__Records for the task__:
• • • • • • •

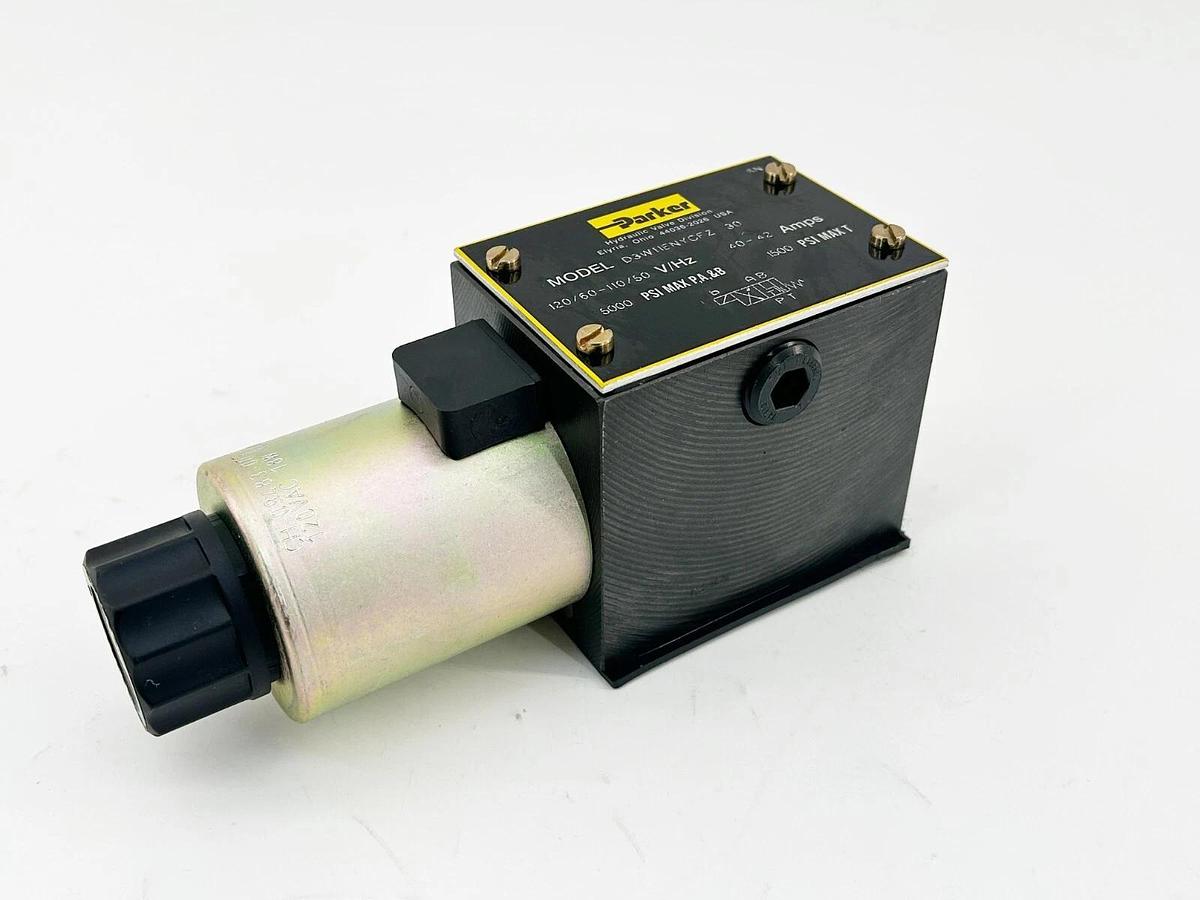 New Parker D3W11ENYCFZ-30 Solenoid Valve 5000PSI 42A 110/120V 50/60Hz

• • • • • • •

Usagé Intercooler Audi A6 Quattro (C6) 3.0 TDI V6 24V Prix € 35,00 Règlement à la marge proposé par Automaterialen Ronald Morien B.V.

• • • • • • •

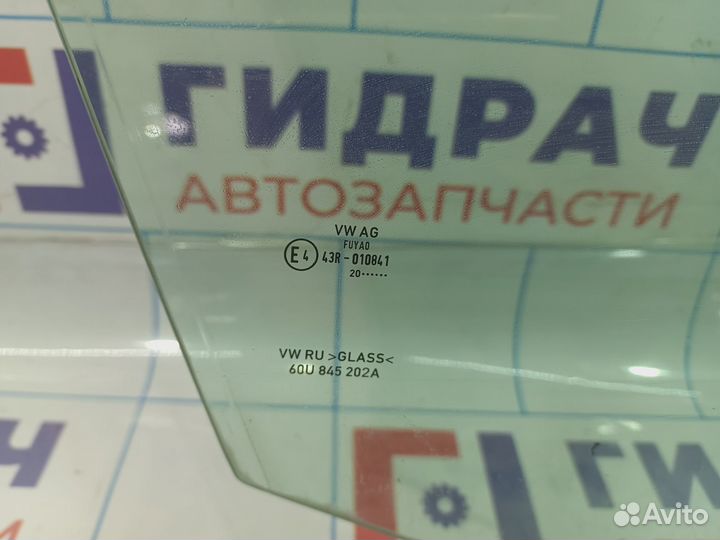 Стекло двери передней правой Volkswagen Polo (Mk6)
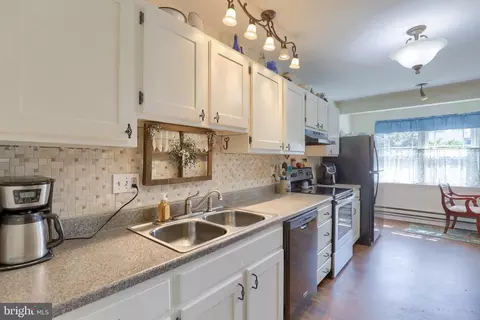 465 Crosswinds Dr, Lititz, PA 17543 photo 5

• • • • • • •

__Work to complete__: Those lines of the records above that run from the one containing "Стекло двери передней" through the one containing "465 Crosswinds Dr, Lititz, PA 17543 photo 5" should be returned exactly, with no pictures among them.

__Reply__:
 Стекло двери передней правой Volkswagen Polo (Mk6)
 465 Crosswinds Dr, Lititz, PA 17543 photo 5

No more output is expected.